The prospect of the new bookstore appeared to ease concerns that the vacant property could prove a drag on the general downtown economy.

The property at the busy corner of Post and Reef roads is regarded by town officials and local business leaders as one of the business district's "anchor" retail sites, dating to the days when the Fairfield Store, a family-owned department store did business there for 75 years. But the commercial climate downtown languished after the Fairfield Store closed in 1996, causing a series of smaller shops and businesses to fail until the property was rebuilt and Borders opened in 2001.

"I'm thrilled that in this economy that something like this, with the quality tenants that are coming in, is a statement to how well the local commercial community is doing in Fairfield," said interim First Selectman Michael Tetreau.

George Szondy, chairman of the Fairfield Chamber of Commerce, also had high hopes for the new bookstore.

"This latest venture will not only increase the university's visibility locally, it will also bring more business to all of our other downtown members," he said.

Signaling Fairfield University's intent to develop a long-term downtown presence, von Arx added that the new bookstore could also be a venue for lectures by scholars, readings by authors and other cultural events sponsored by the school.

"Bookstores, as we all know, are an endangered species," he said. "We need conversations with friends and encounters with ideas that only a good bookstore and a good cup of coffee can facilitate."

The university will lease approximately 23,000 square feet for the store from Kleban Holding Co. LLC, whose principal is Al Kleban, founder of the Fairfield-based commercial real estate firm, Kleban Properties. The Kleban family also owns several other key Fairfield Center properties, such as the Brick Walk retail/office complex farther east on the Post Road.

"This opportunity is going to inject into Fairfield Center an intellectually stimulating and exciting component," Al Kleban said. "This event is probably one of the most important happenings that this town has ever experienced."

The new bookstore will occupy about 12,000 square feet on the ground floor, 3,200 square feet in the basement and about 7,500 square feet on the second floor of 1499 Post Road.

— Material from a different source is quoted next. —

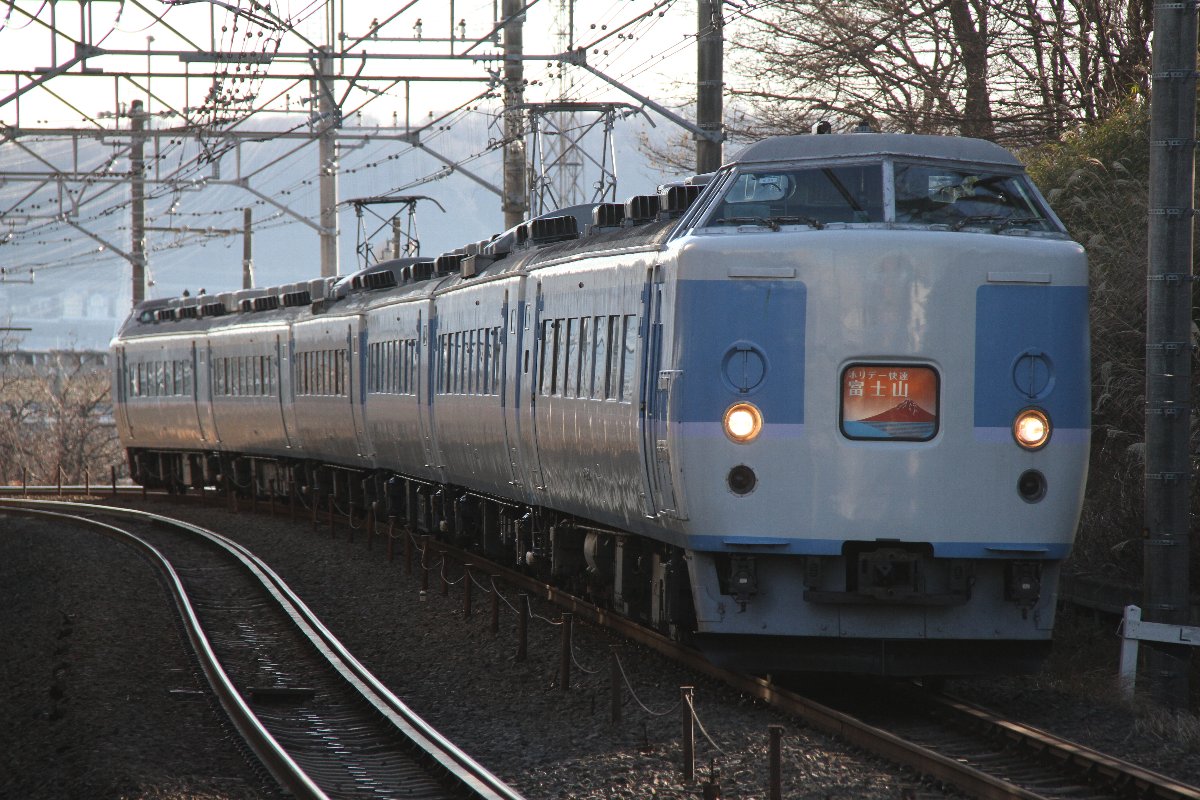 189 :Electoric-Car. JR-East Chuuou-Line.Series 189 Special Express Electoric Car  Holiday-Kaisoku FUJISAN  in Hino-City,Tokyo,Japan 11.Jan.2014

Remaining space on the second floor will be leased for office use, Kleban Properties head and Al Kleban's son, Ken, told the Fairfield Citizen.

Like the school's existing bookstore on campus, the new retail outlet will be operated by Follett Higher Education Group, which manages more than 900 college and university bookstores across North America. After the downtown store opens, the university will retain a smaller on-campus retail outlet selling school merchandise and possibly a small convenience store.

The new downtown store will be modeled on other university bookstores in town centers, such as the Hammes Bookstore and Cafe in South Bend, Ind., near the campus of the University of Notre Dame, said Mark Reed, Fairfield University's vice president for administration and student affairs.

While the downtown store is about a mile from the Fairfield U. campus on North Benson Road, Reed told the Fairfield Citizen he feels it will be easily accessible to students.

"We have shuttles that run between the campus and the downtown," he said. "We're confident that the students will find their way there."

Former First Selectman, Kenneth Flatto, now the executive director of the state Division of Special Revenue, told the Fairfield Citizen in a phone interview Wednesday that he also supports the leasing of the property by the university's bookstore.

"This is going to be a first-rate enterprise that will be a cornerstone for Fairfield Center," he said. "This is a key property that I hoped would remain a community gathering place, so I think the concept is great."

Flatto, who left office in May, added that he held meetings with Al and Ken Kleban and university officials in April shortly before he stepped down to try to facilitate the university bookstore's move to Fairfield Center.